# Garmin 93SV Plus Transom Mounted Transducer



## Brahmabull71 (Jul 30, 2014)

After several PM’s the past few months, I thought it might be helpful to show everyone a couple pictures of how my Transducer is set up on my Deep “V” Tracker Targa. This install was setup by my good friend Dennis at Boat Things and tweaked by me.

I would recommend running the transducer 3/4 the thickness of the transducer “block” BELOW the boat. I run both Lowrance HDS GEN 3 with LSS2 Structure scan with separate 2D CHIRP Sonar and this Garmin.

First thing, make sure you are getting the correct power to the unit per manufacturer’s specifications. The transducer has to be getting clean clear water passing over it with no cavitation. If not you will loose bottom. The thing I noticed about the Garmin was you need to set it LOWER than what Garmin says or what you have done on other brands. Once you do this, you will not loose bottom at speed. I can run top speed (42/43 SOG) and maintain bottom and mark fish on Erie well into the upper 30’s. I did have issues maintaining bottom at Lake Ontario in over 220’ of water out to 450’ so I ran slower. The fourth picture shows me holding up a gold straight edge against the bottom of the hull to show how far down it is. I do not get very much rooster tail at all. I traditionally angle the rear (edge farthest from boats transom) just a little downward so that I can run on plane and mark fish better. When I slow down, hooks will appear thicker on the screen’s left side and lighter on the right side because of this (see attached last image). I prefer this because it is more important to find the fish at speed then to have a perfect arch.
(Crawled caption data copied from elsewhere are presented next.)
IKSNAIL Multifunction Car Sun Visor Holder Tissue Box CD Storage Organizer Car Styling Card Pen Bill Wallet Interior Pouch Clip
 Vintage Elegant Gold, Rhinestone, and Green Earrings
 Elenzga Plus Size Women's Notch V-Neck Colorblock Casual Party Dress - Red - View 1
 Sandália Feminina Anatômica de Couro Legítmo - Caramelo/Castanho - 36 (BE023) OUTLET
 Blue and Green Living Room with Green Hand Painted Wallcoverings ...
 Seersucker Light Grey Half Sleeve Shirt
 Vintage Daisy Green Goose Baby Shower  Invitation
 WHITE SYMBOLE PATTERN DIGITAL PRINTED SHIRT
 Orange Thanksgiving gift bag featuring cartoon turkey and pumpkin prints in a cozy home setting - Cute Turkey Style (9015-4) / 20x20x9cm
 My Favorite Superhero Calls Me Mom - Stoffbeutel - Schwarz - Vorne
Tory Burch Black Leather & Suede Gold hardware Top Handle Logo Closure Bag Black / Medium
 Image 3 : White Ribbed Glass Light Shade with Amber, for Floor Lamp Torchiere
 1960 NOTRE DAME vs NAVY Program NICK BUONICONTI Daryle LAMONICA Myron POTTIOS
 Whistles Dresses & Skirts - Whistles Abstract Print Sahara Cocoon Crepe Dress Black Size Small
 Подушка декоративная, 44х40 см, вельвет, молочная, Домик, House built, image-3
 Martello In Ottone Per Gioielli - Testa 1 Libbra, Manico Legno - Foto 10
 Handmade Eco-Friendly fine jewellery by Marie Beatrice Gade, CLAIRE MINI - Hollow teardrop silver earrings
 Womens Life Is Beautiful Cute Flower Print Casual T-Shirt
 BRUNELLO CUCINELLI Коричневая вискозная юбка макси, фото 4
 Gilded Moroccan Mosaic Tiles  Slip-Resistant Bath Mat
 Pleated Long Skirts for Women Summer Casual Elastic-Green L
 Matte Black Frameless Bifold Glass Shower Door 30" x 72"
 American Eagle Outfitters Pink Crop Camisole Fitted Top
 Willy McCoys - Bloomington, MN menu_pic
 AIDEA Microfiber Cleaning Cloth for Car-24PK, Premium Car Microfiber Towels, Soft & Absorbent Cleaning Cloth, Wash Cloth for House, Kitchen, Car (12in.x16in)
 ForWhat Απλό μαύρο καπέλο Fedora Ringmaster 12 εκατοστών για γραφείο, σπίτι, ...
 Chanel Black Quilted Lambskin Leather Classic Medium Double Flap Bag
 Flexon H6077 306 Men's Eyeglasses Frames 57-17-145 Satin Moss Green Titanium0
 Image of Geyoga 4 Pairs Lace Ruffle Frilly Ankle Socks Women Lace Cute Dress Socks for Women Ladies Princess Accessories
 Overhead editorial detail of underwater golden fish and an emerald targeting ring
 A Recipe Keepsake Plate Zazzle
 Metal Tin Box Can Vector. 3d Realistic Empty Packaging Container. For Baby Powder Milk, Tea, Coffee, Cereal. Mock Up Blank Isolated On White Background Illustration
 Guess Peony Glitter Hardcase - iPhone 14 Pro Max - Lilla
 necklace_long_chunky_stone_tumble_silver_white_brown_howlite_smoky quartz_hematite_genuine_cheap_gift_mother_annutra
Meerkat has a nice illustration thread I will steal for representing this. I use the orange “OK” position on mine. This is personal preference.

Hopefully this helps!


----------



## s.a.m (Feb 22, 2016)

I can't see image/pics, can see drawings


----------



## joekacz (Sep 11, 2013)

Brahmabull71 said:


> After several PM’s the past few months, I thought it might be helpful to show everyone a couple pictures of how my Transducer is set up on my Deep “V” Tracker Targa. This install was setup by my good friend Dennis at Boat Things and tweaked by me.
> 
> I would recommend running the transducer 3/4 the thickness of the transducer “block” BELOW the boat. I run both Lowrance HDS GEN 3 with LSS2 Structure scan with separate 2D CHIRP Sonar and this Garmin. Make sure you are getting the correct power to the unit per manufacturer’s specifications. The transducer has to be getting clean clear water passing over it with no cavitation. If not you will loose bottom. The thing I noticed about the Garmin was you need to set it LOWER than what Garmin says or what you have done on other brands. Once you do this, you will not loose bottom at speed. I can run top speed (42/43 SOG) and maintain bottom and mark fish on Erie well into the upper 30’s. The third picture shows me holding up a straight edge against the bottom of the hull to show how far down it is. I do not get very much rooster tail at all. I traditionally angle the rear (edge farthest from boats transom) just a little downward so that I can run on plane and mark fish better. When I slow down, hooks will appear thicker on the screen left side and lighter on the right side because of this (see attached last image). I prefer this because it is more important to find the fish at speed then to have a perfect arch. Meerkat has a nice illustration thread I will steal for representing this. I use the orange “OK” position on mine. This is personal preference.
> 
> ...


Thanks Josh.That's exactly what I did on my H'bird with great results._ Also could not open your pic's._


----------



## Brahmabull71 (Jul 30, 2014)

There should be 4 boat pics of unit placement. 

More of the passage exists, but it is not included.